# Do outside temp affect the IP?



## micahj02 (Dec 22, 2012)

I was wondering, does the outside temp impact the IT? I have an MES 30" and plan to do my second smoke but am concerned about the cold temps in the air. Should I pull the smoker into the garage to prevent the thing from having to work harder to maintain the desired IT?


----------



## chef jimmyj (Dec 23, 2012)

The MES is insulated but in really cold weather the MES heat coil will work harder. Additionally, you will not want to open the door unless absolutely necessary. What ever temp you plan to smoke at, run the MES up to max temp then load it up and reset to your desired temp. The Garage, if well ventilated, is a good idea for you, although it may save some electricity as well.
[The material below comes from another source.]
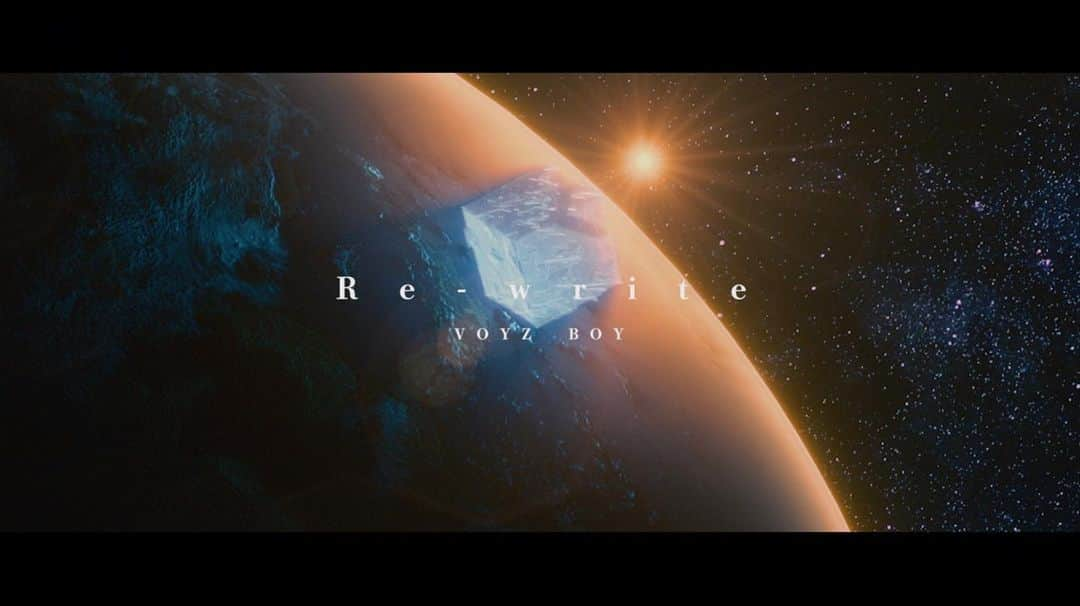 VOYZ_BOY_officialのインスタグラム：「🌟MV解禁🌟 . 2021.03.03 release 1st Single 「GALAXY/Re-write」より  『Re-write』 ミュージックビデオが解禁❗️  公式YouTubeにて視聴できます💖 ぜひチェックしてください👀！ . #Rewrite #VOYZchannel #YouTube  #VOYZBOY #ボイズボーイ」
As far as IT goes, if you maintain the smoker temp at 225*F or higher the amount of time to reach the desired IT will be unchanged..JJ


----------



## tjohnson (Dec 23, 2012)

What's the outside temp?

What you smoking?

I use my MES successfully down to 20°

The element will work a little harder, but it will maintain temp pretty well

I would not bring it into the garage

Todd


----------



## micahj02 (Dec 23, 2012)

Smoking a 7 lbs brisket and the weather is suppose to be low thirties. I am going to pull it into the garage just to be on the safe side.


----------



## thunder lite (Dec 23, 2012)

I did a 9.5lb butt overnight last night. Temps never got out of the single digits above zero. My MES40 is outside on the back patio with some protection for the north wind. I set it for 230 and it seemed to not have a problem keeping at least that temp. Christmas eve will be a better test. Supposed to be single digits below zero and I have to do another butt overnight for Christmas lunch.

Ron


----------



## micahj02 (Dec 23, 2012)

Not suppose to get that low here so I guess all will be well. Thanks, I'll let you know how goes!!!!


----------



## venture (Dec 23, 2012)

As, JJ said, this will not change IT unless your pit temps are not maintained.

Now as to high humidity?  I had a recent strange experience with a stall.  
	

	
	
		
		



		
			






Good luck and good smoking.


----------